-- YOUR ASSIGNMENT --
Once the line holding "Louis Vuitton Cléa" is found in the entries below, transcribe exactly every line up to and including the one holding "Land Rover Discovery", but leave out the pictures.

-- EXCERPTED DATA --

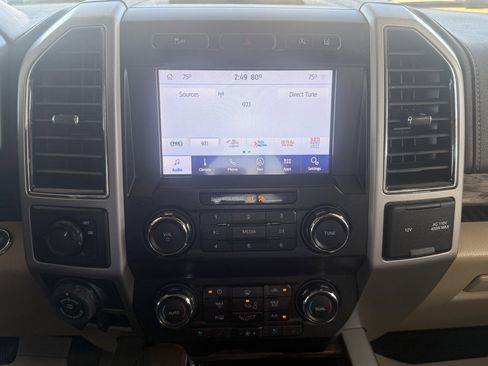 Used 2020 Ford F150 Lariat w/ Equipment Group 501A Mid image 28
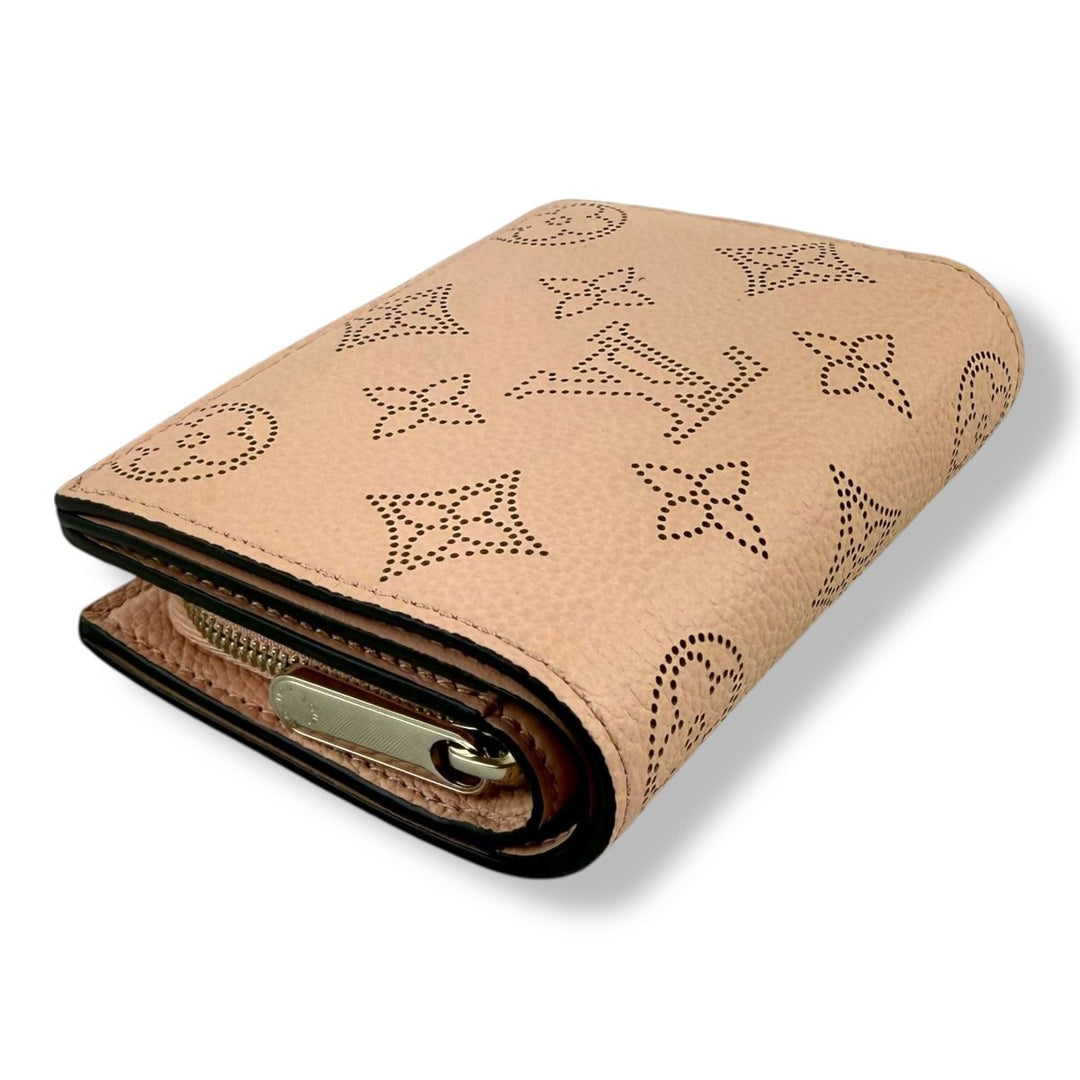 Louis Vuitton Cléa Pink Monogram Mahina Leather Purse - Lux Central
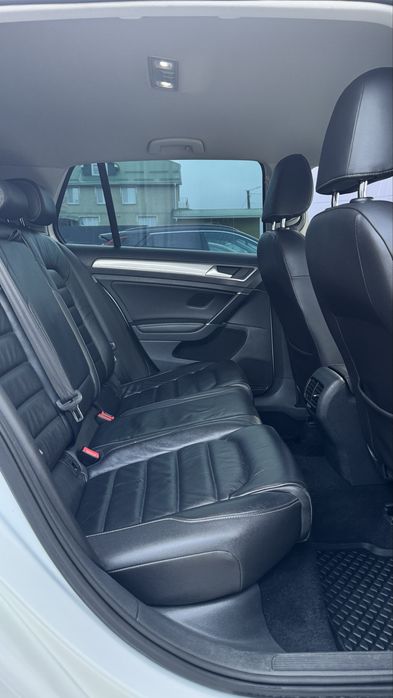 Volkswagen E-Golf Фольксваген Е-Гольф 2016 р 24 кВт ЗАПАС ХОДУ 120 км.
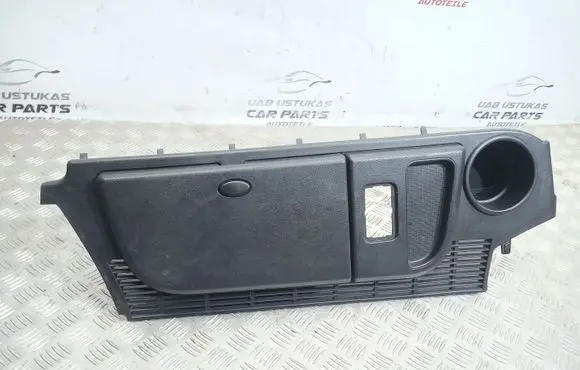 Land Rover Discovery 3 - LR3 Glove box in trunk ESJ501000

==

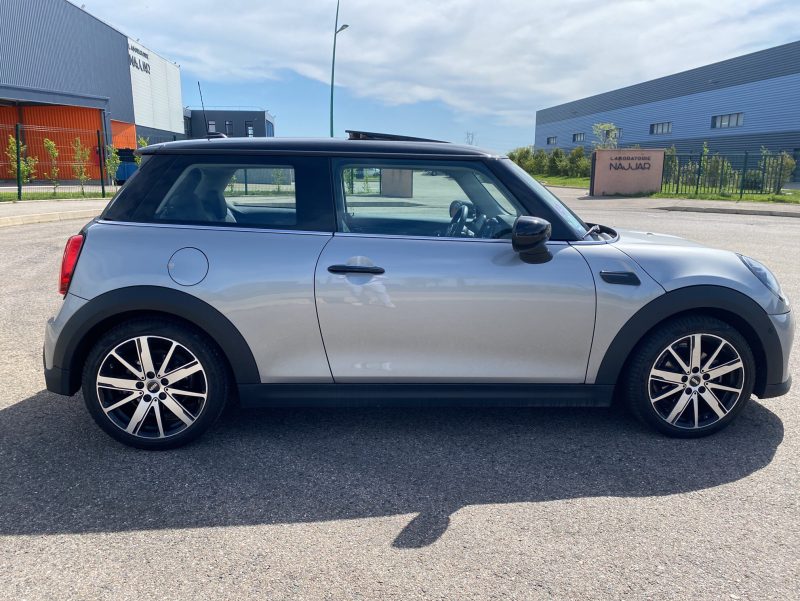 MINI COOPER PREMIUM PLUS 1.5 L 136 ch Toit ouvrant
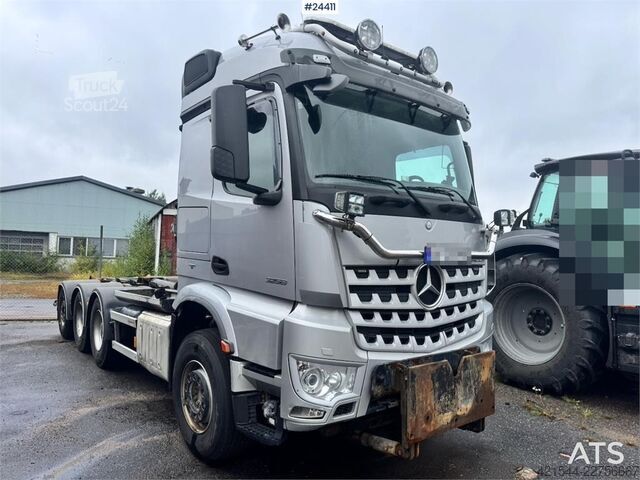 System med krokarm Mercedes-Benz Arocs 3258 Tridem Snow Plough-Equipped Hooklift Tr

-- EXERCISE OUTPUT --
 Louis Vuitton Cléa Pink Monogram Mahina Leather Purse - Lux Central
 Volkswagen E-Golf Фольксваген Е-Гольф 2016 р 24 кВт ЗАПАС ХОДУ 120 км.
 Land Rover Discovery 3 - LR3 Glove box in trunk ESJ501000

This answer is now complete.